The U.S. Department of Labor issued a rule on April 23, setting a new minimum salary rate of $43,888 per year ($888 per week) for overtime exemption, effective July 1.  Right now, the minimum is $35,568 per year ($684 per week).  Starting on January 1, 2025, under the new rule, the minimum will go up again, to $58,656 per year ($1,128 per week).

Workers with qualifying duties under the executive, administrative, and professional (“white collar”) exemptions have to be paid on a salary basis (essentially, the same amount each week that any work is performed, no matter how much or how little work is done) at a qualifying rate.  The exemption relieves the employer from the duty to pay 1 ½ the regular hourly rate for all time over 40 hours worked in a week. The January salary threshold rise will affect some 3 million workers, DOL estimates.  That rate is designed to match the 35th percentile of full- time salary earnings in the lowest paid U.S. Census region, the South.  

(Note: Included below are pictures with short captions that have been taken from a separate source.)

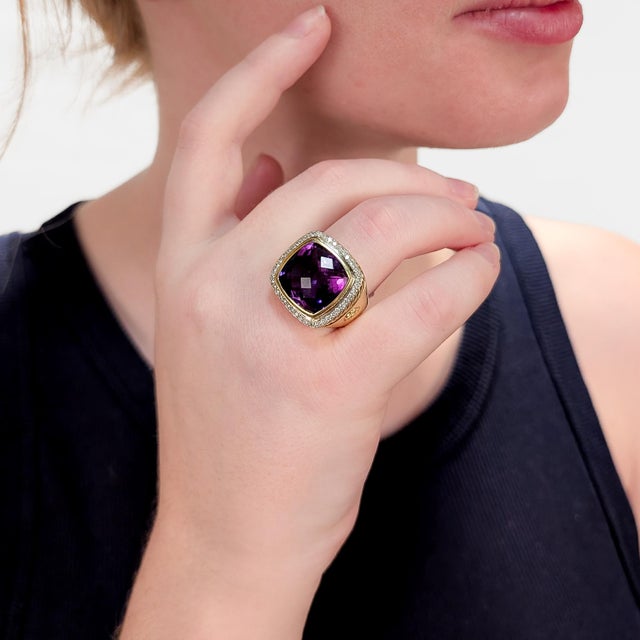 A fine signed gold, amethyst, and diamond Albion cocktail ring. By David Yurman. In 18 karat yellow gold. With a central...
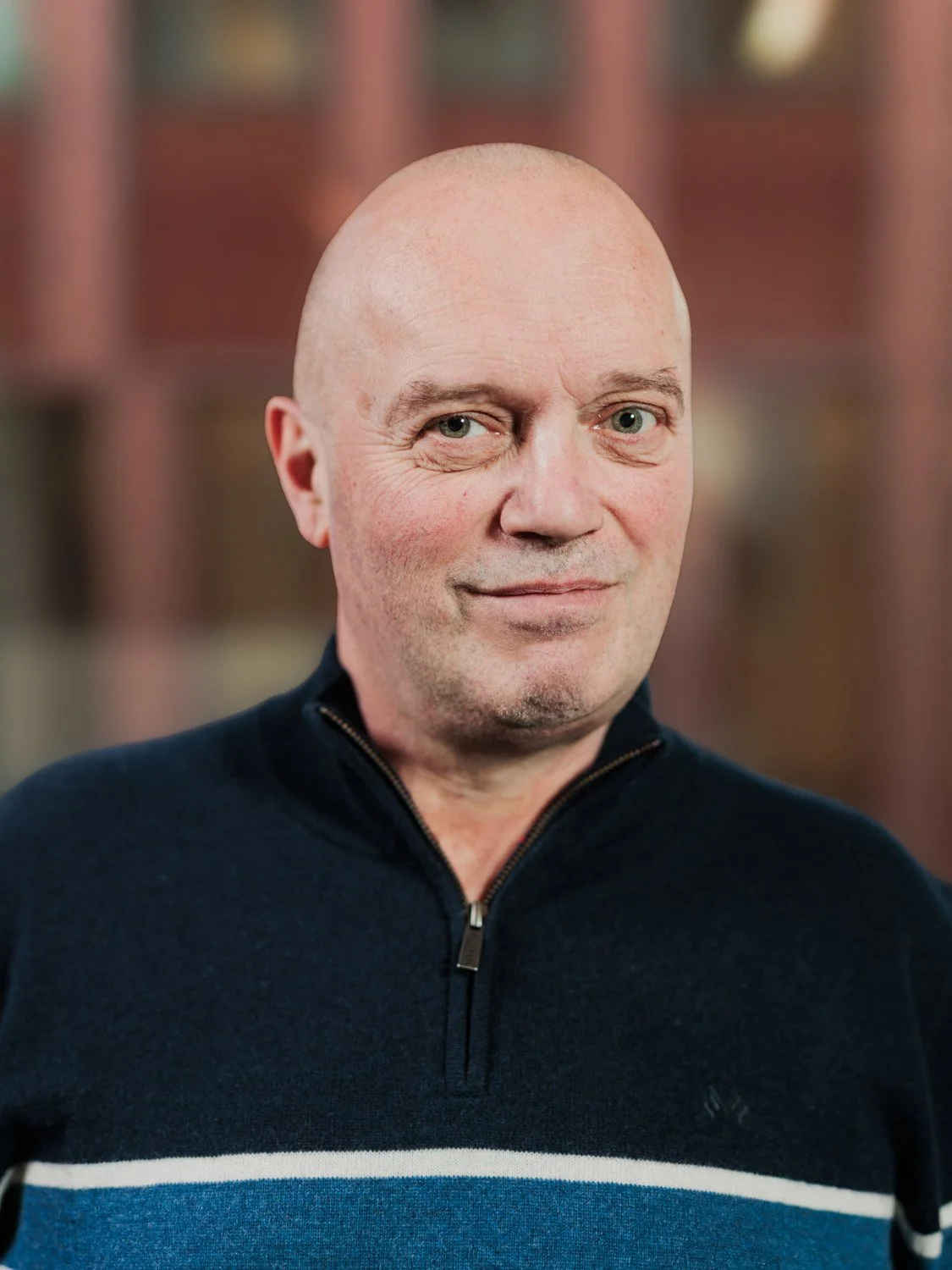 Portrettbilde av en mann med blankskallet hode, iført en mørk genser med en hvit og blå stripe, mot en uskarp, bokhylles-aktig bakgrunn.
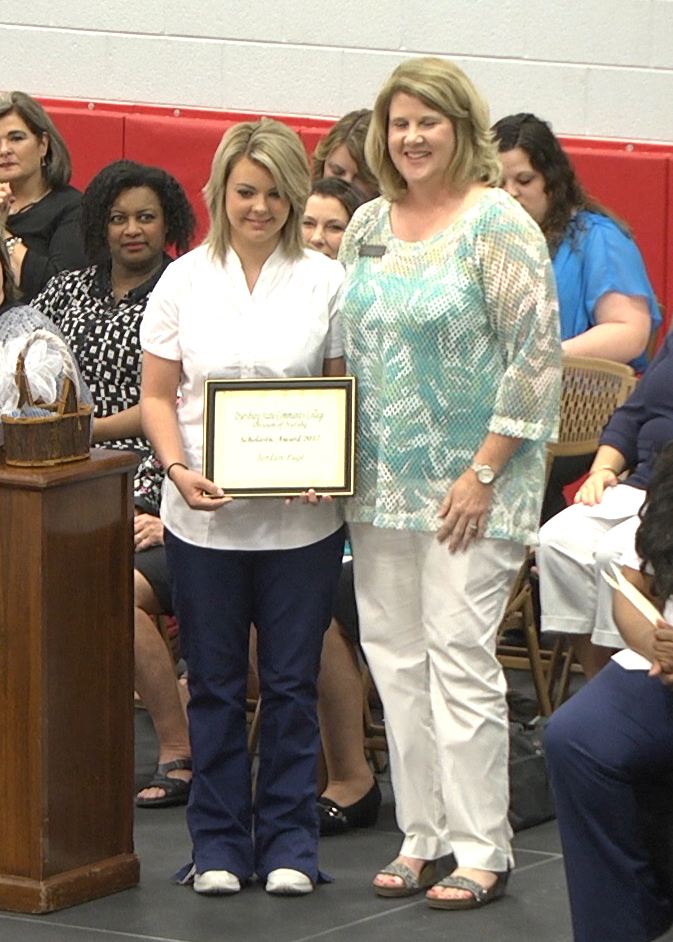 DSCC nursing instructor Kimberly Dew (right) presented the Scholastic Award to nursing graduate Jordan Page (left) of Kenton for achieving a 3.38 GPA in the traditional nursing program.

Non-Connecticut employers can sometimes take advantage of an exemption from overtime pay for highly compensated non-manual workers with at least one “white collar’ job responsibility if they earn at or above a six-figure annual threshold, part of which must be in the form of salary.  The new rule raises that figure as well, from the current $107,432 to $132,964 in July, and $151,164 in January.  Here the design is to track the 85th percentile of nationwide earnings.   

Automatic upgrades will occur every three years based on current earnings data under the new rule.  

Employers should immediately assess the impact of this change on their operations.  Effective responses can vary from raising salaries to meet the new thresholds, to limiting overtime work, to redistributing duties for more efficiency.  

Compliance with wage regulation is critical for business.  Enforcement activity by State and federal agencies appears to be on the rise, as do cases brought by workers, both individually and on a class basis.  Remedies for non-compliance can be expected to be more expensive than initial compliance. Triple damages can be awarded for willful violations of the wage and hour laws, as can attorneys’ fees and costs.  The employer’s own defense costs in administrative and court proceedings can be substantial.   Why not try to do it right in the first place?

The DOL’s new rule is certain to be challenged in court cases by industry groups supported by many lawmakers.  Compliance won’t be excused by the pendency of any such court challenge unless some injunction is issued by a court and then, likely only in the jurisdiction of that court.